The demonstration center, connected to its Amherst, New Hampshire facility, allows customers and integrators to view and try out advanced robotic equipment before fully committing to a purchase. The various robots can package, handle, dispense and assemble products and containers.
Automation is a booming business. According to research by intelligence firm Research and Markets, demand for industrial automation and robotics is expected to grow each year, hitting an estimated $37 billion by 2018.
Glenn Hewson, senior vice president at Adept Technology, changes in consumer buying habits, shortage of skilled labor, and stepped-up government regulation are increasing food processors’ interest in automation.
“Food processors are looking to robotics with integrated vision and conveyor control to provide the speed of hard automation but with flexibility for quick changeover between products,” he said. “Robotics also can profitably ease labor shortage issues for both primary and secondary packaging while delivering on the sanitary conditions required by government regulation.”
Hewson added the primary goal of the new tech center is to give a convenient location for end users and integrators in the eastern US to see and test applications on industrial and mobile robotic platforms. Adept Technology also has similar locations in California, Germany, France, Singapore and China.
Equipment in action
Hewson said one benefit of seeing the robotics solutions in action is food professionals get to see that implementing automation is easier and more within their grasp than they might have believed.

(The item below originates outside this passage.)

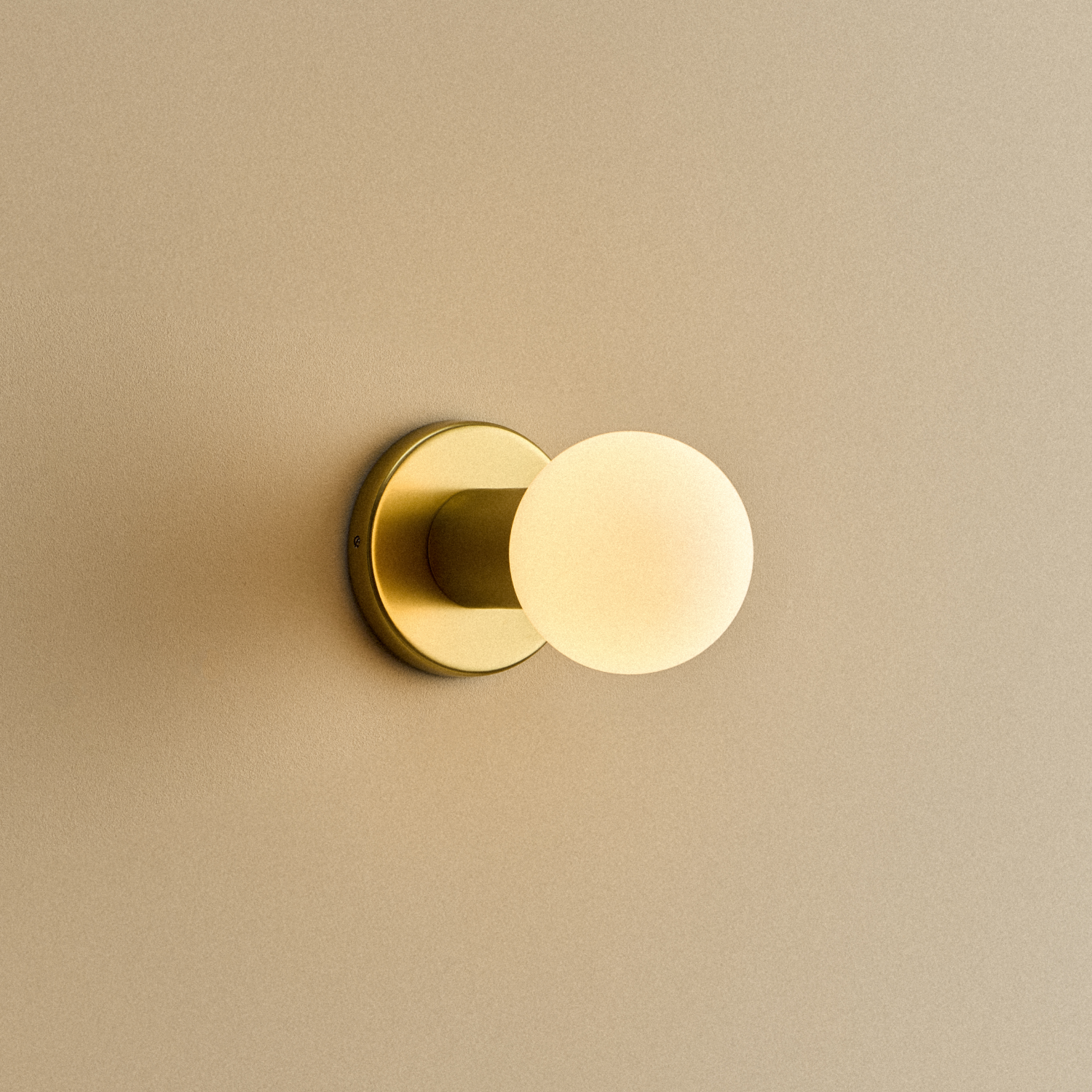 Lochan Wall Light in Brass with Sphere III bulb, illuminated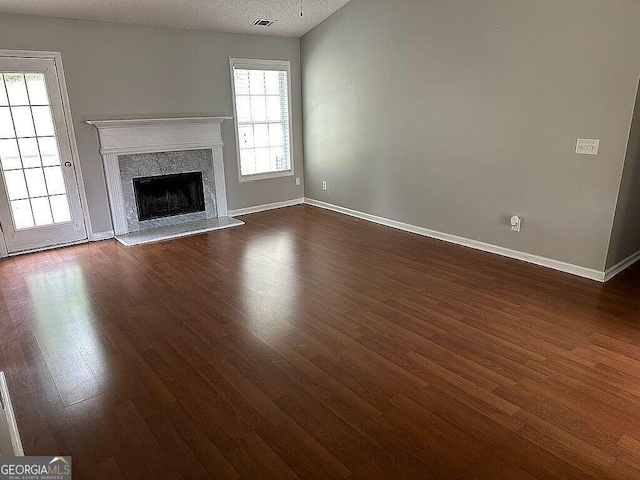929 Wexford Way, Auburn, GA 30011 - unfurnished living room with dark wood-style floors, baseboards, and a fireplace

“One of the biggest challenges in the industry is managing the shift from dedicated lines to robotics in order to create flexibility in packaging operations,” Hewson said. “This usually means reexamining the approach in how to maximize throughput using robotics rather that just duplicating the process that was handled via hard automation.”
The company’s technical staff is available to work with various packaging system integrators to help customers in the food industry test and prove their concepts at any of its centers.
The 5,000-sq.-ft. New Hampshire center offers design, programming, testing and training for Adept Technology’s kinematics, including the Quattro HS, a USDA-approved parallel robot. The new machine reportedly is intended for handling primary packaging with slippery, oddly shaped or varied-orientation products.
As automation technology evolves, the center will endeavor to help clients keep up with the changes. Hewson anticipates the industry will see increased use of robotics in primary food packaging for sanitation reasons.
Hewson added that the industry most likely will see increased use of mobile robotics to handle custom cases, moving them directly from the packaging lines to transport vehicles.